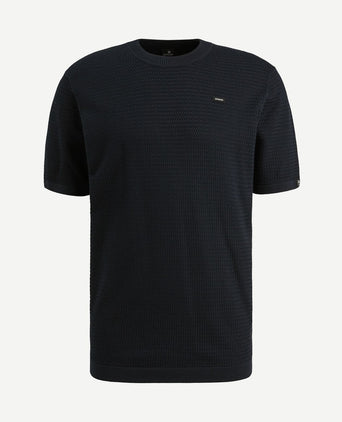 Knitted t-shirt donkerblauw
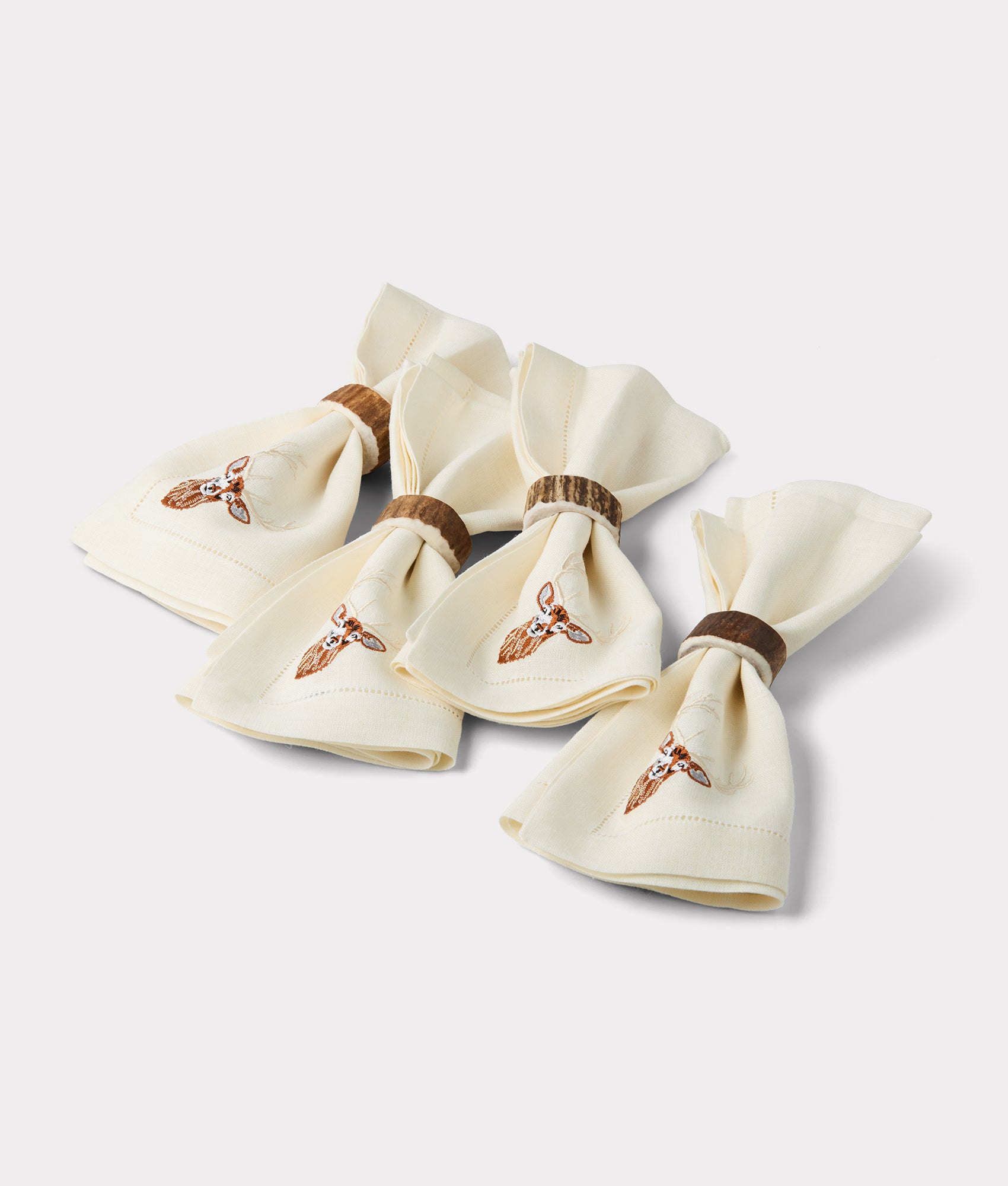 Stag Dinner Napkins - Set of Four :: Ecru - Image 5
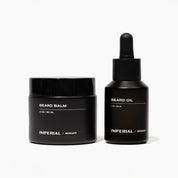 Beard Bundle featuring Beard Balm and Beard Oil for healthy, soft facial hair care by Imperial Scruff.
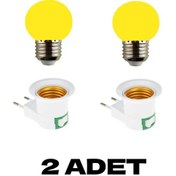 Resim Anahtarlı Fişli Duy 1 W Sarı Renkli E27 Duy Led Ampul 2 Adet 2'li Sarı Işık E27 Led Ampul 1 Watt Yok 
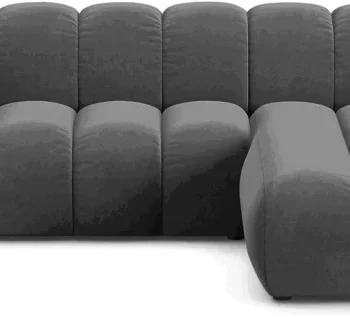 Chaiselongsofa / hjørnesofa højrevendt Micadoni Lupine, grå Venus-velour, 290×177×70 cm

**REQUIRED ACTION:** In the copy, include no pictures; everything else in the material should be written out exactly.

**ANSWER SPACE:**
 Knitted t-shirt donkerblauw
 Stag Dinner Napkins - Set of Four :: Ecru - Image 5
 Beard Bundle featuring Beard Balm and Beard Oil for healthy, soft facial hair care by Imperial Scruff.
 Resim Anahtarlı Fişli Duy 1 W Sarı Renkli E27 Duy Led Ampul 2 Adet 2'li Sarı Işık E27 Led Ampul 1 Watt Yok 
 Chaiselongsofa / hjørnesofa højrevendt Micadoni Lupine, grå Venus-velour, 290×177×70 cm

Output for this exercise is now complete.